El evangelio del primer domingo (Mc. 1,12-15) de Cuaresma nos ha presenta una invitación “Conviértete y cree en el Evangelio”. Estas palabras tienen un sentido más profundo de lo que a simple vista vemos. Si nos fijamos en la etimología, el verbo griego que se traduce por “convertirse” significa “revisar el enfoque de nuestra vida”.  Si esto es así, lo primero que hay que revisar es aquello que bloquea nuestra vida. Convertirnos es eliminar miedos, egoísmo, esclavitudes, porque la conversión que no produce paz y alegría no es auténtica.

Además, a través de una imagen, la del desierto expresa que, aunque es un tiempo y lugar de apartamiento, no está vacío, está lleno de presencias. Vivir el desierto entre alimañas y ángeles, es prepararse para afrontar con entereza las tensiones que puedan surgir en la vida, en lo que nos acontece día a día.
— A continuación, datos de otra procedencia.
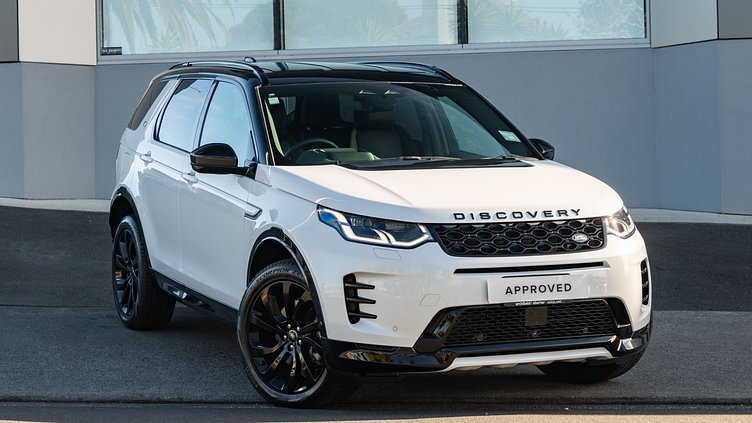2025 Approved Land Rover Discovery Sport Ostuni Pearl White P250 Dynamic SE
En medio de la experiencia de desierto y conversión, aparece el Espíritu que impulsa, y la situación de Juan Bautista que provoca coraje. El evangelista nos dice que Jesús va al desierto bajo el impulso del Espíritu Santo y que movido por el arresto del Bautista se dirige a Galilea para anunciar la conversión. Y es que Jesús, ni se resiste al Espíritu, ni se paraliza ante la dificultad o el reto. Al contrario, se expone a Dios y se expone a la vida.

Este Evangelio nos está invitando a vivir el desierto y la conversión. Propone que nos dejemos guiar por el Espíritu Santo al desierto de Dios, que nos demos un tiempo para que podamos encontrarnos cara a cara y sin miedo con lo que llevamos dentro de nosotras mismos. Y propone también, que estemos atentos a lo que sucede a nuestro alrededor, para que las realidades de hoy provoquen a nuestro coraje y respondamos a los retos con valentía.